Billionaire Charlie Munger responds to criticism of his mostly windowless mega-dorm project: 'I'd rather be a billionaire and not be loved by everybody'

Lane Hickenbottom/Reuters

  • Billionaire Charlie Munger donated $200 million to the University of California, Santa Barbara.

  • In exchange for the money, Munger's blueprints for a nearly windowless mega-dorm cannot be changed.

  • The design has been lambasted by critics, which Munger dismissed this week.

Billionaire Charlie Munger isn't hearing criticism of his blueprints for a 4,500-student mega-dorm project at the University of California, Santa Barbara.

"You've got to get used to the fact that billionaires aren't the most popular people in our society," Munger told MarketWatch. "I'd rather be a billionaire and not be loved by everybody than not have any money."

Critics have blasted Munger's plans for resembling a prison more than a student dormitory: Over 90% of the building's 4,500+ occupants would live in windowless rooms, which Munger believes will encourage interactivity among students.

The project hinges on a $200 million donation from Munger, which includes a clause that says his plans cannot be changed. The dormitory, which is named "Munger Hall" in honor of the billionaire's donation, is expected to cost about $1.5 billion in total.

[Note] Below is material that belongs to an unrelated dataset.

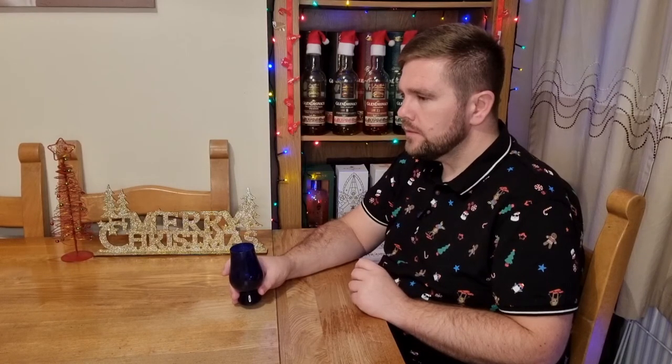I'd say it reminds me of a Scotch whisky, maybe like a Highland Scotch whisky. I'd say it's under 46% ABV and most likely a single malt, but it's really quite interesting and I like the fruitiness of this one. Shall we find out what's in my glass?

The massive dorm was lambasted by UC Santa Barbara consulting architect Dennis McFadden, who resigned from the project, according to the Santa Barbara Independent. In his resignation letter, McFadden said he couldn't support the plans "from my perspective as an architect, a parent, and a human being."

But despite one of the school's consulting architects quitting in protest over the plans, Munger is sticking to his guns.

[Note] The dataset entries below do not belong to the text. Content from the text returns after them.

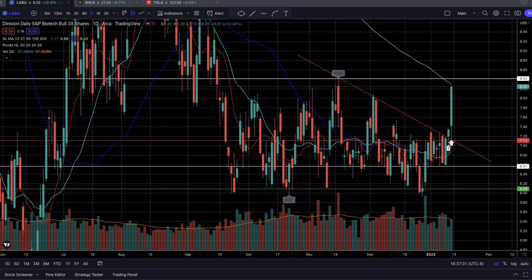As a disclaimer, we are still swinging all three names, so we are biased to the long side. I won't be providing the exact contracts that we got for each name, but I will be providing the specific areas of our entries for each name.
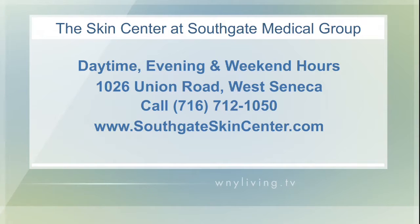Let the SkinCenter at Southgate Medical Group help you eliminate that stubborn fat with their safe and effective CoolSculpting treatments. To find out more about all the services they provide, head over to their website at SouthgateSkinCenter.com. Their offices are located at 1026 Union Road in West Seneca, and they offer daytime, evening, and weekend hours for your convenience. You can also give them a call to set up your consultation at 716-712-1050.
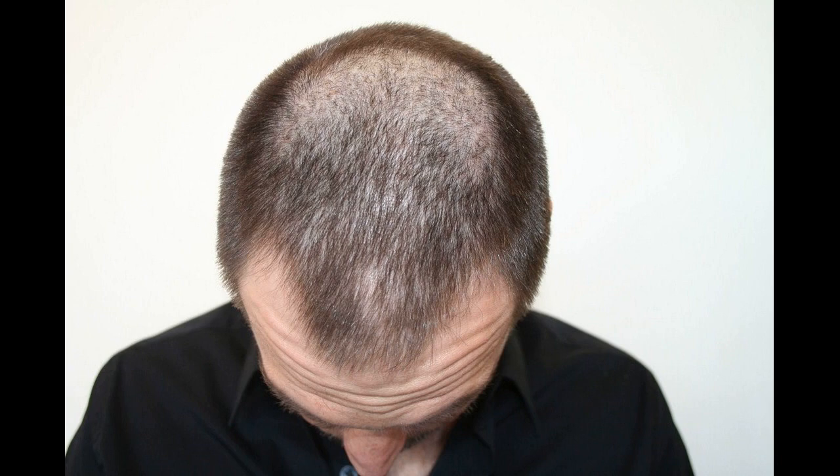There are two strengths of Minoxidil: 2% and 5%. The 5% has been shown to be more effective without a significant increase in irritation or other side effects. Both strengths are applied to the dry scalp twice a day. It is important to know that the treatment must be continued indefinitely to maintain results, as any hair gains will be lost within 4 to 6 months if the patient discontinues the drug.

"I think the building will be a huge success," he said. "It's hard to get any two architects to ever agree about anything. Architecture is a game of trade-offs."

And Munger isn't the only one shrugging off critics of the mega-dorm. 

"The Munger Hall project and design is continuing to move forward as planned," a spokesperson from UCSB told Insider last week. "We are delighted to be moving forward with this transformational project that directly addresses the campus's great need for more student housing."